# Guess what I just ordered?!!



## lisa.m (May 6, 2009)

An M-Edge Guardian!!! Yes, I clicked on this morning and they are available. Look out beach, here I come!


----------



## mishymac (May 13, 2010)

me too!!!!!


----------



## AmandasPanda (May 9, 2010)

What colour did you choose Lisa and mishymac??

I have ordered blue! Now just waiting for the shipping email so I can then stalk fedex for my parcel!!  

I was honestly starting to think it would never come - i'm excited!


----------



## KindleGirl (Nov 11, 2008)

Me too....I ordered the blue one! Look out, FedEx, we're all going to be stalking the trucks this week!


----------



## Hoosiermama (Dec 28, 2009)

Me, too! A cobalt blue is on its way!


----------



## stanghla (May 16, 2010)

me too, in blue!!!


----------



## MarthaT (Mar 3, 2009)

congrats


----------



## KindleGirl (Nov 11, 2008)

Looks like the cobalt is the most popular color so far....


----------



## puglover333 (Oct 23, 2009)

Me too ... In blue.

They have a code - medgedad - that will take $10 off


----------



## VictoriaP (Mar 1, 2009)

Blue here too, but the coupon code didn't work for me.


----------



## vickir (Jan 14, 2009)

Blue is good, but I like green!


----------



## tiggeerrific (Jan 22, 2010)

I want one but they dont make it for the kindle dx  so sad


----------



## Sofie (Dec 30, 2008)

I ordered a red one. My thought was..if it fell in the lake or ocean or stream, I could see it more easily.


----------



## Mikki (Jun 9, 2010)

I ordered red too! . I just had to match my DecalGirl skin though!! (Pink Tranquility)


----------



## lisa.m (May 6, 2009)

I ordered black because I thought it would go with any skin that I happen to be using. So excited!!

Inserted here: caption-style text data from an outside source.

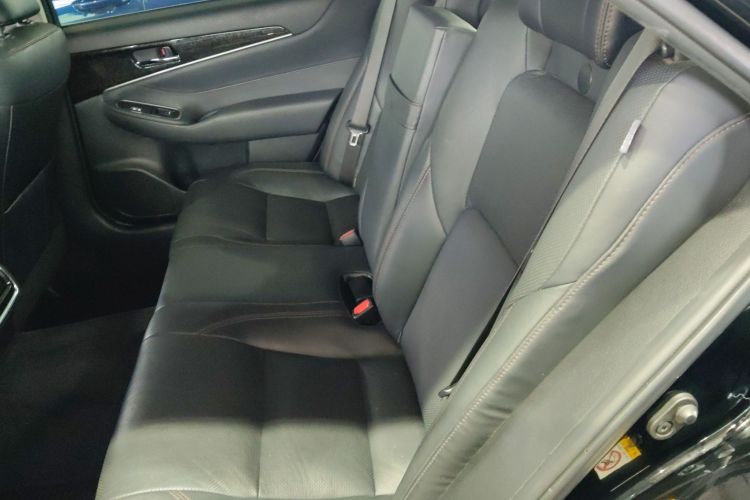 丰田 皇冠 2019 汽车图片 #17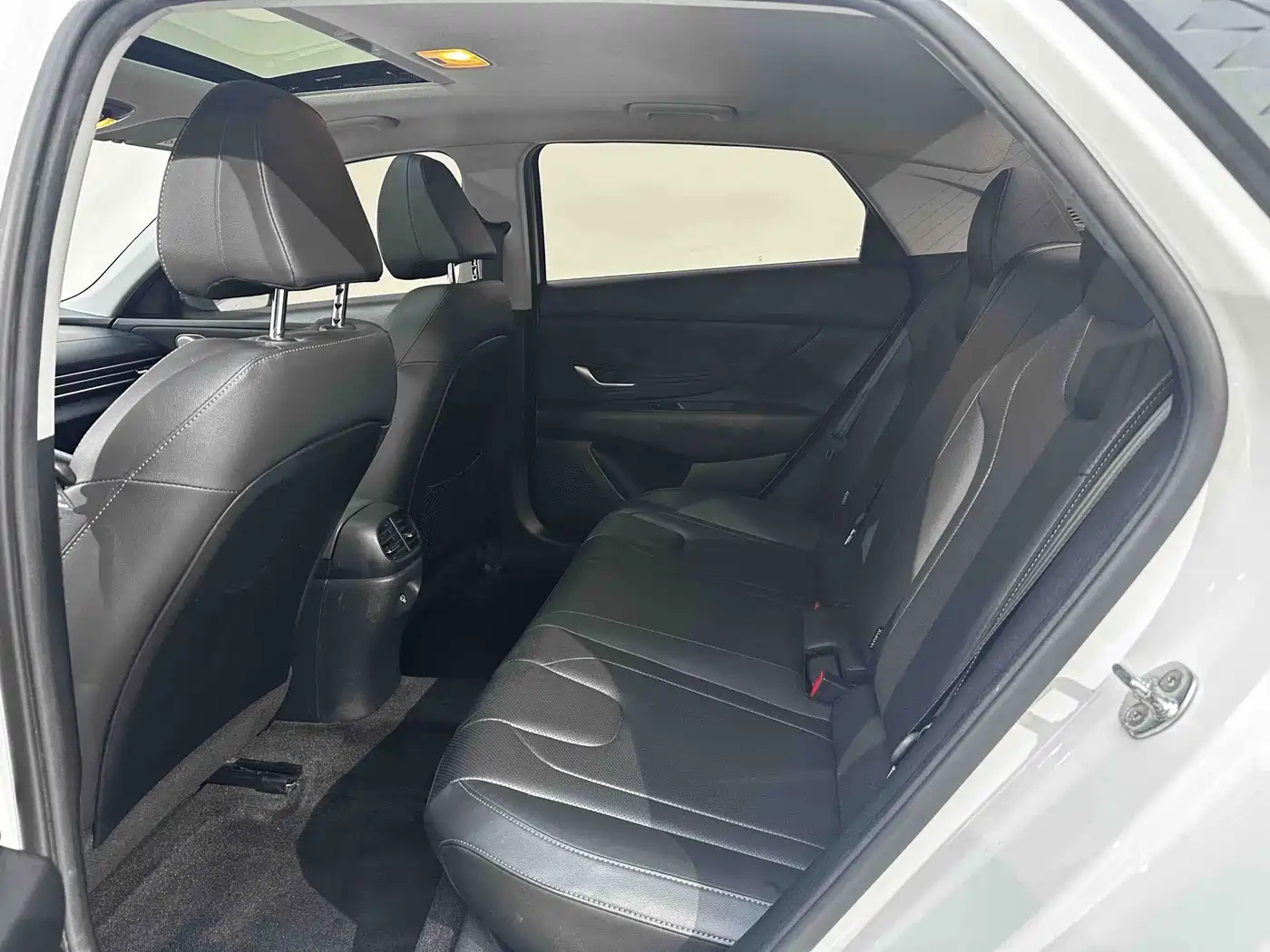 Hyundai Elantra, фото 19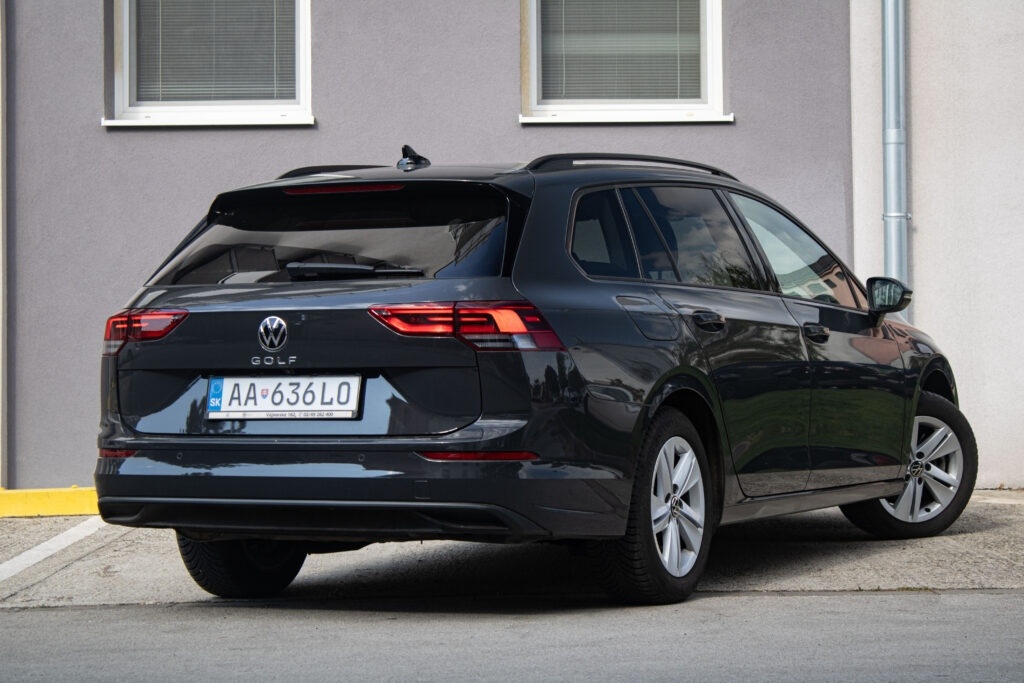 Volkswagen Golf Variant 2.0TDI 2024 - 3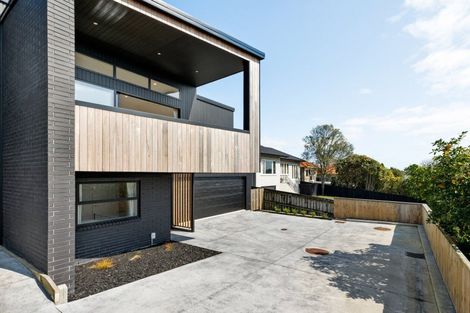 Photo of property in 4/7 Tarbett Road, Hillcrest, Hamilton, 3216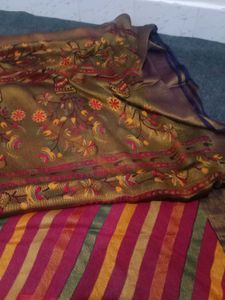 Elegant red yellow leriya Saree with Floral Motifs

The discount code worked for me this morning.


----------



## telracs (Jul 12, 2009)

Um, what's a guardian?


----------



## ayuryogini (Jan 3, 2010)

scarlet said:


> Um, what's a guardian?


Well, in this case, it's "the world's first waterproof, floating Kindle case"!!!! [quote taken from M-Edge ad]; 
People have been waiting, sometimes impatiently, for this to be released so it's a huge deal.
I just ordered the blue one, with the MEDGEDAD coupon for $10 off.
Can't wait!!

Here's the URL (http://www.medgestore.com/products/kindle2-guardian.psp) 
and a picture:


----------



## telracs (Jul 12, 2009)

ayuryogini said:


> Well, in this case, it's "the world's first waterproof, floating Kindle case"!!!! [quote taken from M-Edge ad];
> People have been waiting, sometimes impatiently, for this to be released so it's a huge deal.
> I just ordered the blue one, with the MEDGEDAD coupon for $10 off.
> Can't wait!!


thanks.


----------



## Margaret (Jan 1, 2010)

Congratulations on your new cases!  Please post some reviews once you have had a chance to try them out.


----------



## KindleGirl (Nov 11, 2008)

Woohoo...I just received notice that my guardian shipped and will arrive on Friday!!  Of course I won't be going near water this weekend, but it will be fun to have anyways!


----------



## Betsy the Quilter (Oct 27, 2008)

Woohoo, can't wait to hear what you think of it!

Betsy


----------



## PhillipA82 (Dec 20, 2009)

lol nice

i want one too....


----------



## sheltiemom (Dec 28, 2008)

Woohoo!  I have been waiting for this!  Just ordered the blue one.  Thanks for posting this - I had given up on it being available anytime soon.


----------



## sem (Oct 27, 2008)

KindleGirl - you could use it in the bathtub?


----------



## LibbyD (Apr 28, 2009)

Anyone interested in the Guardian should see this:

http://www.wired.com/reviews/product/pr_medge_guardian

It's a mostly positive review, and that's great, but there is a warning that must be noted.


----------



## TLM (Apr 8, 2010)

So, who is going to be the the first to volunteer to through it in the tub water  ?


----------



## VictoriaP (Mar 1, 2009)

LibbyD said:


> Anyone interested in the Guardian should see this:
> 
> http://www.wired.com/reviews/product/pr_medge_guardian
> 
> It's a mostly positive review, and that's great, but there is a warning that must be noted.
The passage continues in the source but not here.